Gün geçmiyor ki sabah uyandığımızda hükümetin ileri demokrasi örneklerinden birine daha maruz kalmayalım. Bu sabah yeni bir KCK adı altında yapılan soruşturma kapsamında baskınlara ve gözaltılara tanık olduk.
İstanbul, Ankara, İzmir, Diyarbakır, Mersin, Adana, Van, Malatya, Şanlıurfa, Elazığ, Mardin, Siirt, Batman, Şırnak’ta Terörle Mücadele Şubelerine bağlı polis ekipleri evlere ve kurumlara baskınlar düzenledi.
Soruşturma kapsamında İHD Diyarbakır Şubesi’nde, BDP’nin birçok ildeki binalarında, KESK Genel Merkezi’nde, çeşitli illerdeki BDP’li belediye binalarında, Kurdî-Der’in Diyarbakır binalarında, TUHAYDER’de, Kayapınar Cegerxwîn Kültür Gençlik Merkezi’nde, Dicle Fırat Kültür Merkezi’nde Eğitim-Sen Diyarbakır ve Şanlıurfa Şubelerinde arama yapılırken; aralarında BDP Merkez Yönetim Kurulu üyesi Tuncer Bakırhan, BDP eski milletvekili Fatma Kurtulan, DİHA muhabiri Murat Çiftçi, KESK uzmanı İsmet Aslan’ın da bulunduğu şimdilik 45 kişinin gözaltına alındığı; Ankara’da Diyarbakır Milletvekili Leyla Zana’nın evine ve bürosuna baskın yapılarak arama yapıldığını öğrendik.

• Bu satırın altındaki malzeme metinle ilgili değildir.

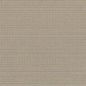 Swatch image for Stria<sup>&#8482;</sup>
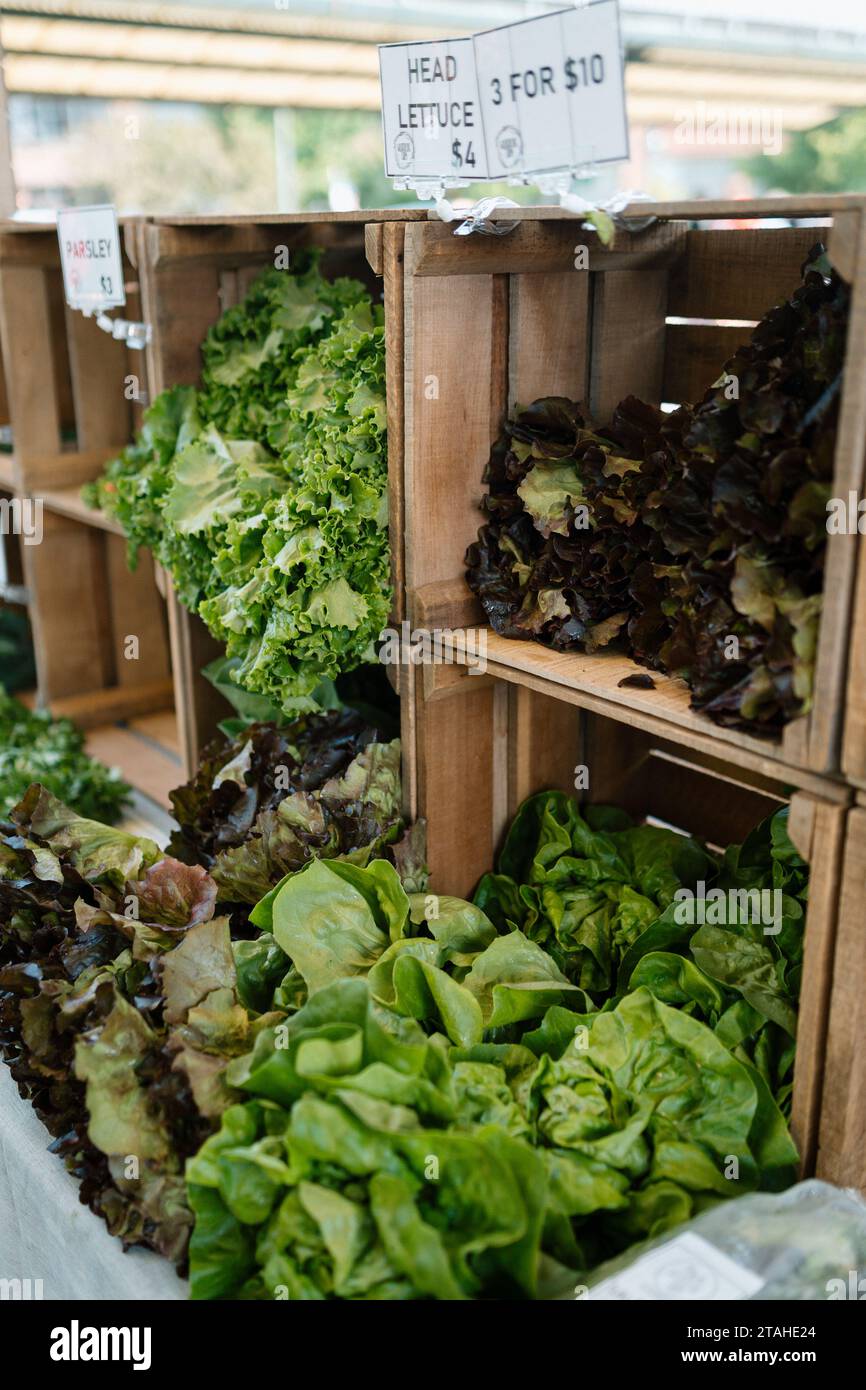 Lattuga e altri ortaggi verdi in vendita sul mercato agricolo Foto Stock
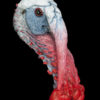 painted turkey head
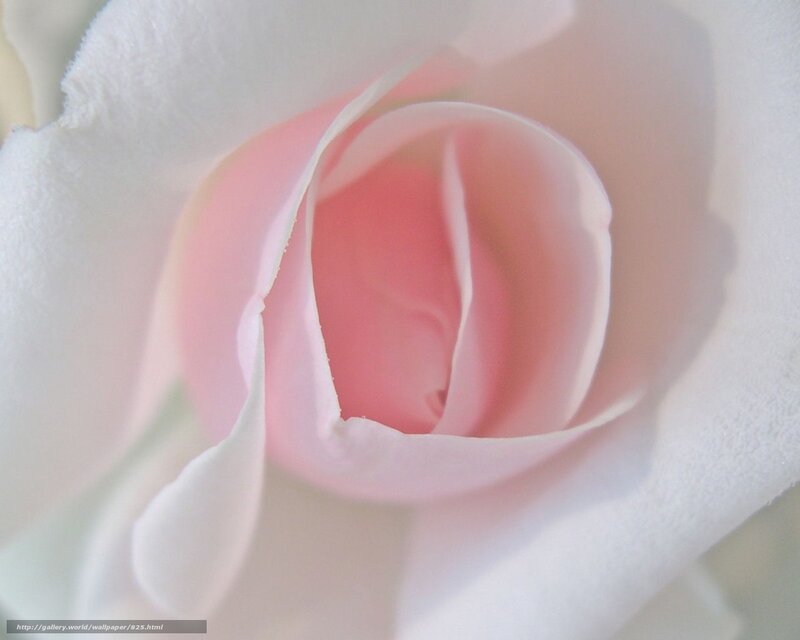 Close-up of a pink rose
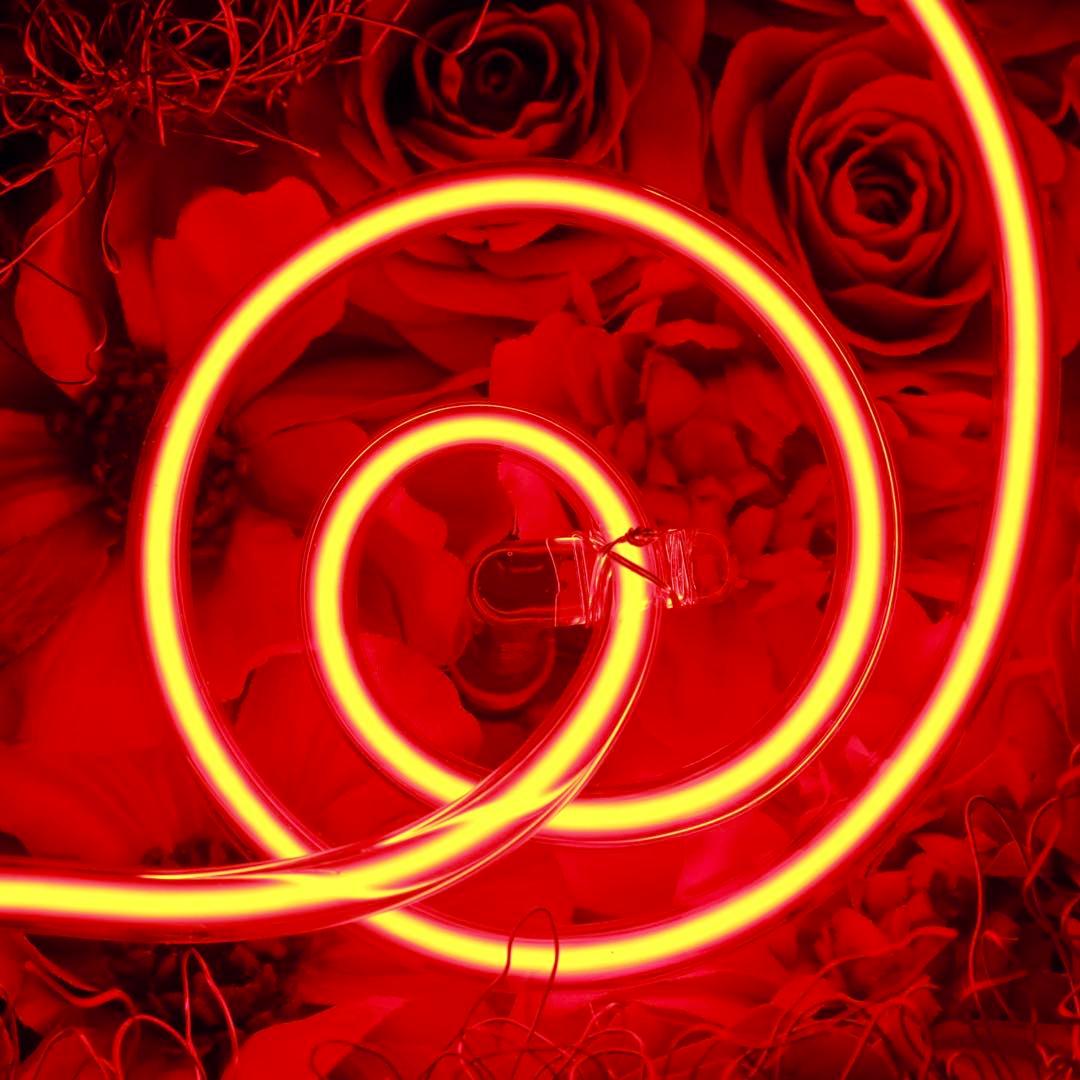 ネオンインテリア 店舗インテリア　フラワー　照明　ネオンサイン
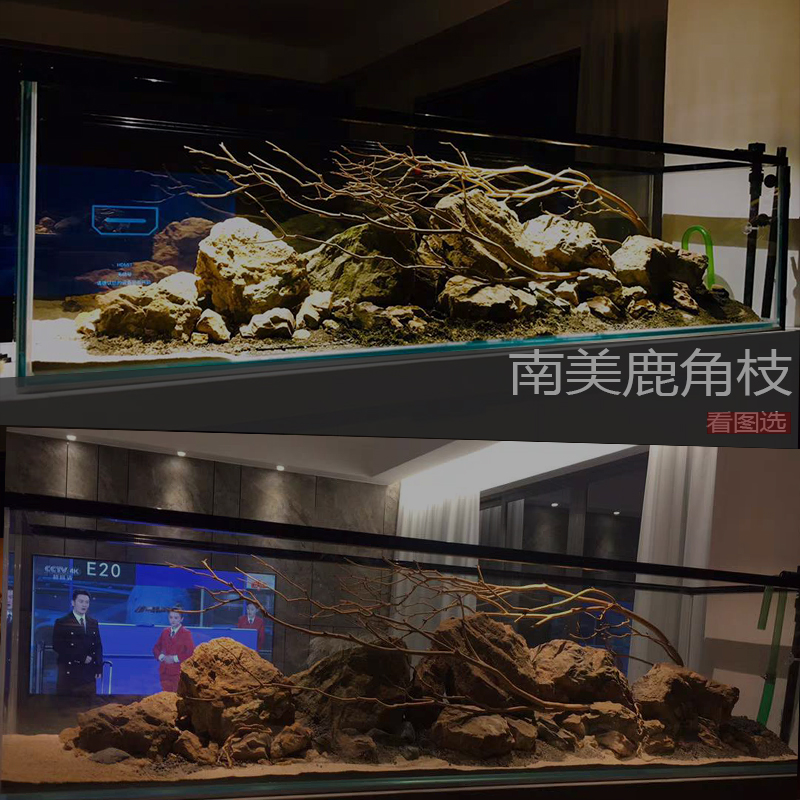 小缸造景鹿角枝原生缸布景南美鹅卵石造景鱼缸装饰小树枝造景组合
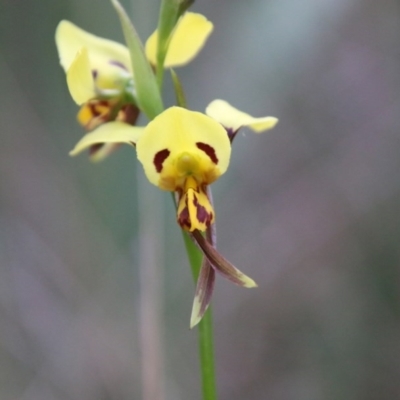 Diuris sulphurea (Tiger Orchid) at Moruya, NSW - 4 Oct 2020 by LisaH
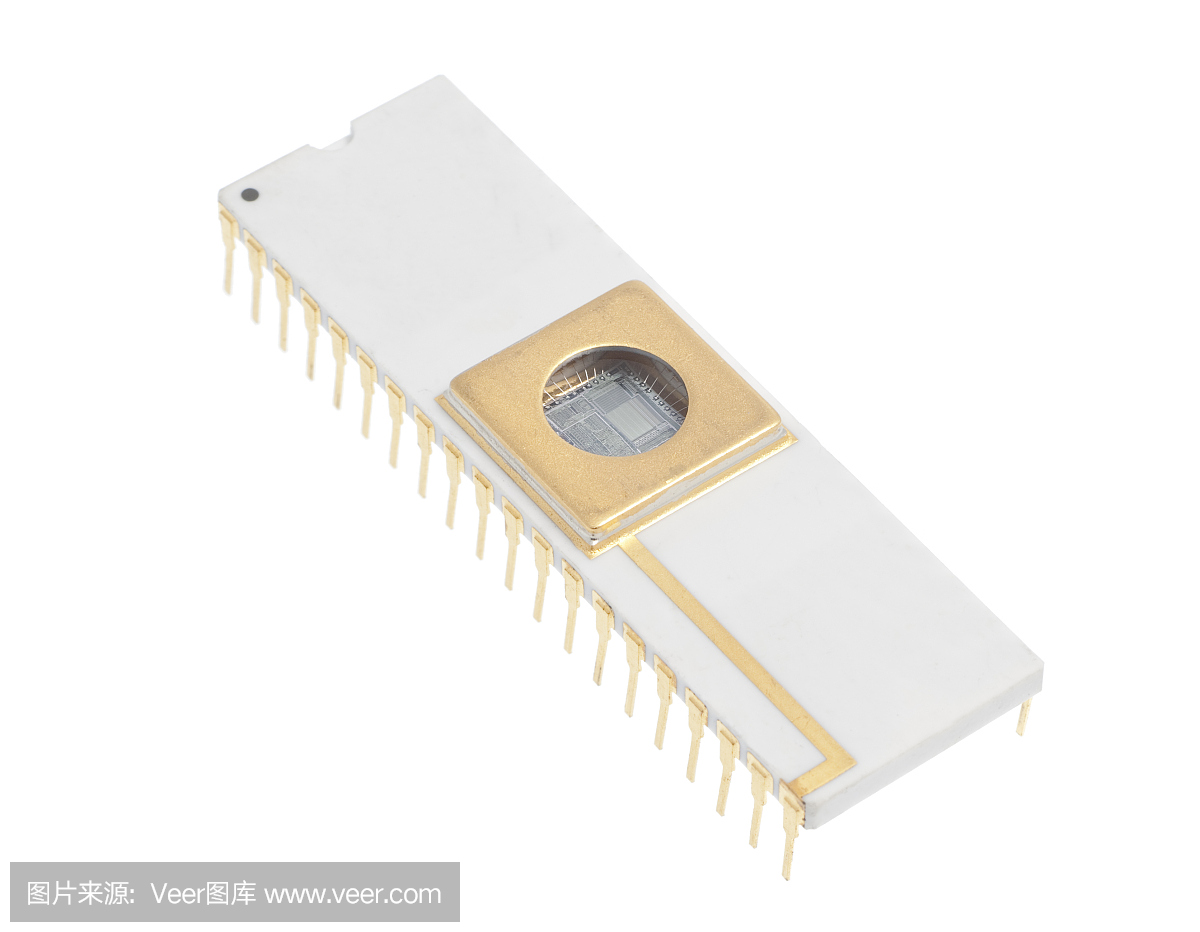集成电路与微处理器可见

Yeni Strateji Dur Durak Tanımıyor
Böylece Hükümetin merkezden planladığı yeni stratejinin bir hamlesi daha gerçekleştirildi. Türkiye millî birlik ve beraberlik projesinde bir adım daha attı! Ayrıca Başbakanın Leyla Zana’yı hedef alan açıklamaları da karşılığını buldu. Özel yetki savcılar ve mahkemeler de siyasal iktidarla ne kadar iç içe çalıştıklarını bir kez daha kanıtladı.
Bugün İHD Diyarbakır Şubemizde de polis tarafından arama yapılmış, dernekte bulunan tüm bilgisayarların hard disklerinden imaj alınmış ve çeşitli dernek dokümanlarına el konulmuştur. Arama ve el koyma ile ilgili olarak İstanbul Özel Yetkili Cumhuriyet Savcılığı’nın 2010/521 soruşturma nolu dosyası kapsamında talepte bulunulmuş, bu talep İstanbul 10. Özel Yetkili ve Görevli Ağır Ceza Mahkemesi’nin 2012/400 sayılı arama el koyma kararıyla kabul edilmiştir. İHD Diyarbakır Şubesi’ne yönelik bu arama ve el koyma kararında şube yönetici ve çalışanlarıyla ilgili hiçbir işlem yapılmadığı halde doğrudan doğruya tüzel kişiliğe yönelik karar verilmesi açıkça hukuka aykırı ve keyfidir. Kararda hiçbir somut gerekçeye yer verilmemiştir. İstanbul Savcılığı’nın Diyarbakır’da bulunan bir dernekle ilgili bir soruşturma yürütmesi de CMK’ya da açıkça aykırıdır. İHD Genel Merkezi bu hususla ilgili gerekli girişimlerde bulunmuştur.
İstanbul Özel Yetkili Cumhuriyet Savcılığı ve İstanbul 10. Ağır Ceza Mahkemesi, Birleşmiş Milletler İnsan Hakları Savunucularının Korunması Bildirgesi’ni açıkça ihlal etmiştir. Ağır hak ihlallerinin giderilmesi noktasında 1986 yılından beri mücadele eden derneğimizin Diyarbakır Şubesi’nin bu kadar keyfi bir şekilde aranması ve belgelerine el konulması kabul edilemez.
Türkiye, otoriter yönetim anlayışından totaliter rejime doğru hızla ilerlemektedir. Siyasal iktidarın bu gidişte sorumluluğu açıktır. Siyasal iktidarı demokrasiye bağlılığa davet ediyoruz. İnsan hakları savunucularının mücadelesi, tüm engelleme çabalarına rağmen, devam edecektir.